Skip site navigation (1)Skip section navigation (2)
Date:      Mon, 9 Jan 2006 11:36:37 -0500
From:      Martin Cracauer <cracauer@cons.org>
To:        Colin Percival <cperciva@freebsd.org>
Cc:        =?iso-8859-1?Q?Dag-Erling_Sm=F8rgrav?= <des@des.no>, Martin Cracauer <cracauer@cons.org>, freebsd-current@freebsd.org
Subject:   Re: fetch extension - use local filename from content-dispositionheader (new diff)
Message-ID:  <20060109113634.A17206@cons.org>
In-Reply-To: <43B66EF1.4020906@freebsd.org>; from cperciva@freebsd.org on Sat, Dec 31, 2005 at 03:43:45AM -0800
References:  <20051229221459.A17102@cons.org> <868xu22mmp.fsf@xps.des.no> <200512301856.28800.jhb@freebsd.org> <200512310115.40490.jhb@freebsd.org> <20051231015102.A51804@cons.org> <43B66EF1.4020906@freebsd.org>

next in thread | previous in thread | raw e-mail | index | archive | help

--sdtB3X0nJg68CQEu
Content-Type: text/plain; charset=us-ascii
Content-Disposition: inline

All right, I hope we all calmed down a little.

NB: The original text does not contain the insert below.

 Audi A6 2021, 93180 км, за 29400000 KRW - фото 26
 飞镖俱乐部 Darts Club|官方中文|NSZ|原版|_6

To make people a little happier, I changed the meaning of the -O
flag.

Previously giving this non-argument -O flag would use the
Content-Disposition header after a basic safey check.

Now this flag takes an expected filename as an argument.  If the
argument is given, the server-supplied name will only be used if it
matches the expected filename.  If it doesn't the transport is aborted
after reading the header.

This will be useful when ports distfiles are distributed from servers
using this mechanism, which is bound to happen (if it doesn't
already).  This way a port can say "download this URL", where the URL
is some random php script as a filename, such as
http://foo.com/download?fileid=3682, and download and save it only if the
server gave the name of the expected distfile.  So we would catch it
if we make a mistake in the URL or if the server changes the mapping.
Note that this will abort before actually downloading the file.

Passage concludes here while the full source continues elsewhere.